• _Exercise objective_
Set down only the lines from the one containing "Silver faux georgette printed saree" through the final line of the entries below, exactly as they stand, with no pictures.

Data under study section start

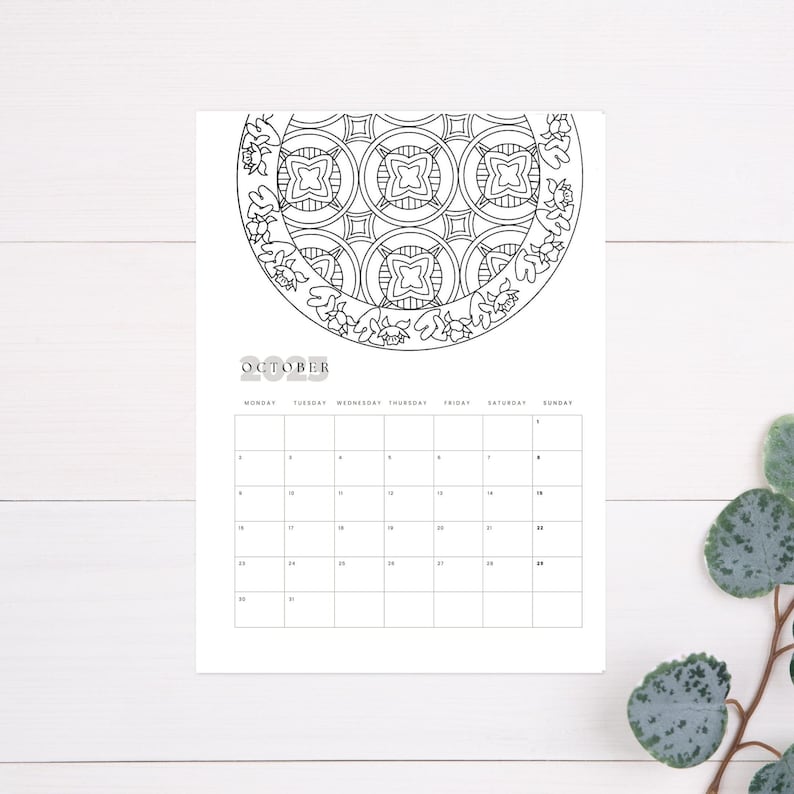 Mandala Calendar 2023 Coloring Pages Printable Calendar Etsy Canada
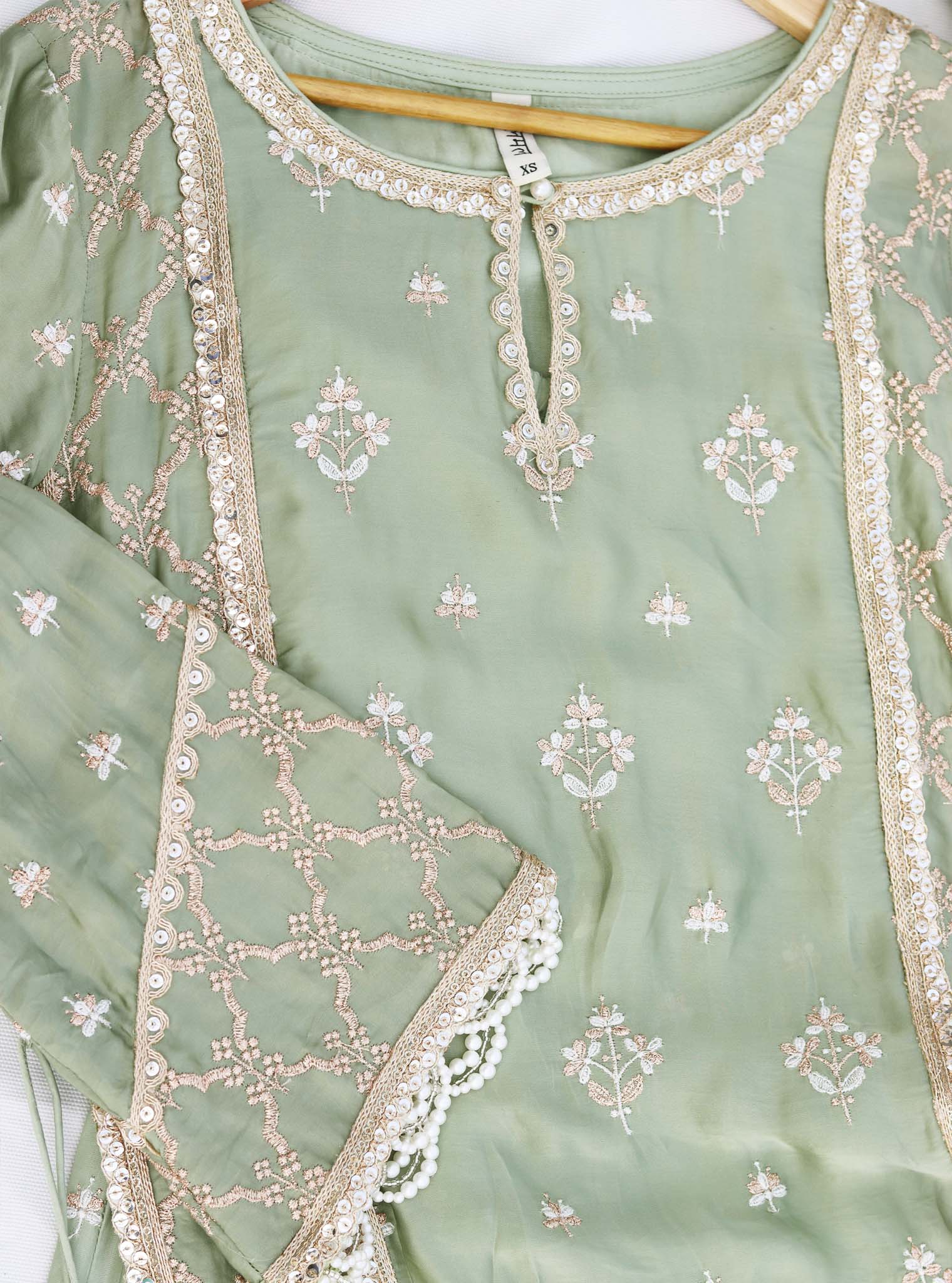 Kundmayi Organza Satin Sage Green Kurta with Palazzo Set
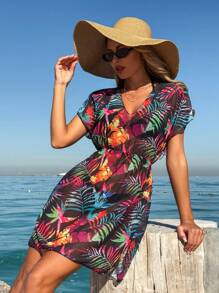 Swim Lushoire 女式 V 领短袖印花简约罩衫，休闲和度假装，适合夏季海滩度假 - 彩色 - 查看 4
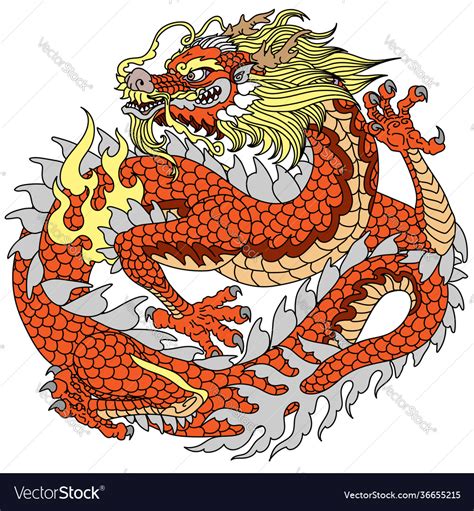 Red Chinese Dragon Royalty Free Vector Image Vectorstock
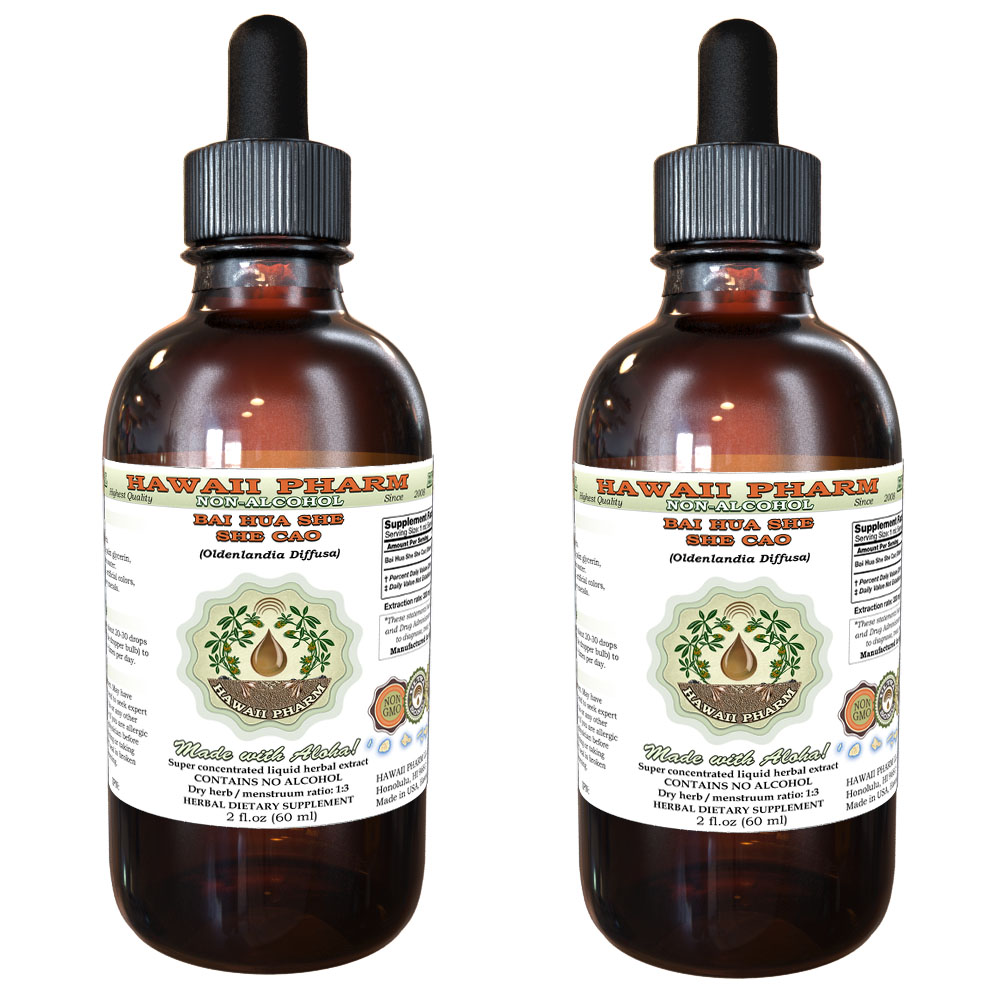 Bai Hua She She Cao (Oldenlandia Diffusa) Tincture. Alcohol-FREE. Hawaii Pharm.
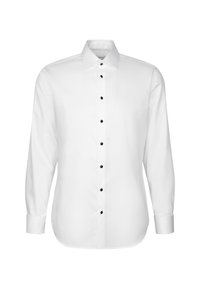Chemise blanche à manches longues avec boutons noirs, col classique et poignets boutonnés, présentée sur un fond uni.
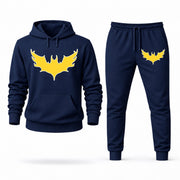 Men's Batgirl Hoodie Joggers Set in Navy; digital artwork placement mockup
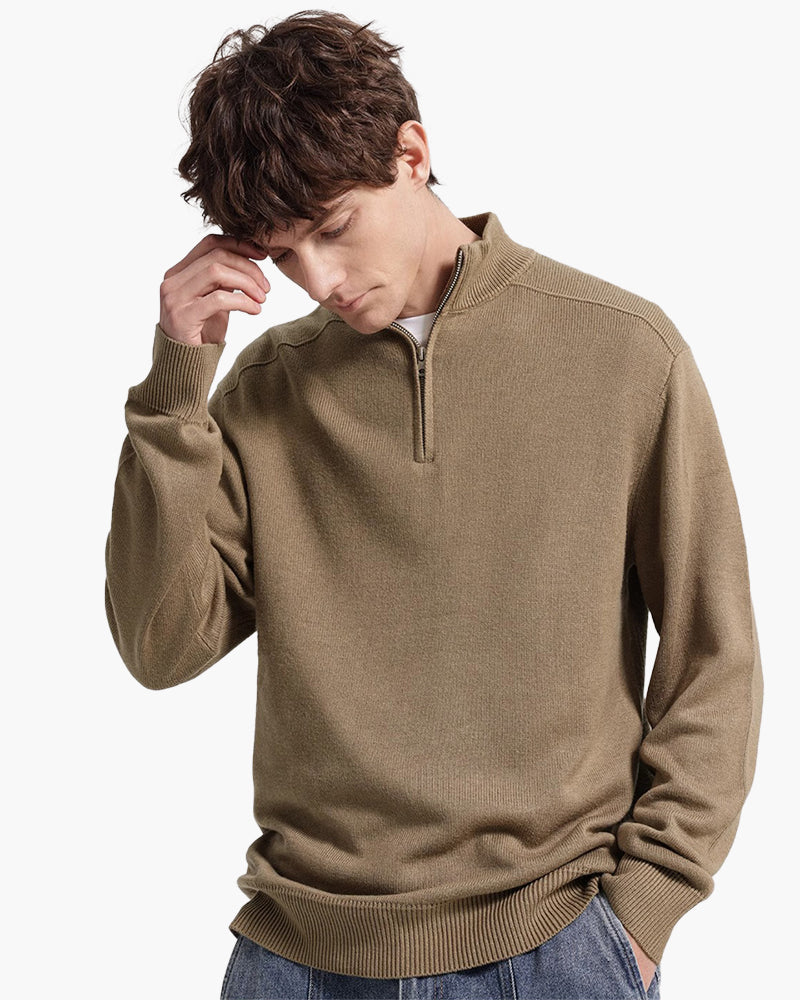 VELMAR | Herren Merino Wollpullover Half Zip Warm
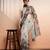 Silver faux georgette printed saree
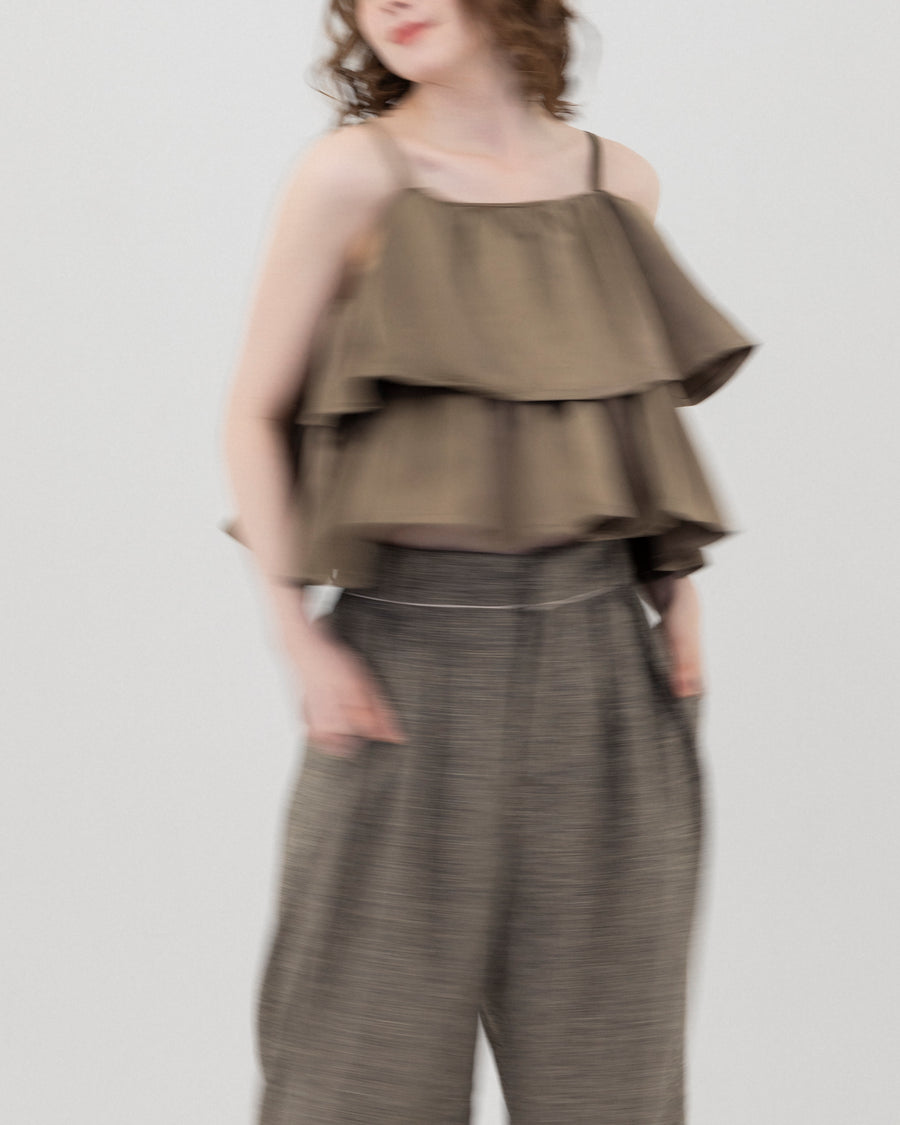 Satin frill camisole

Data under study section end

• _Solution for this problem_
 Silver faux georgette printed saree
 Satin frill camisole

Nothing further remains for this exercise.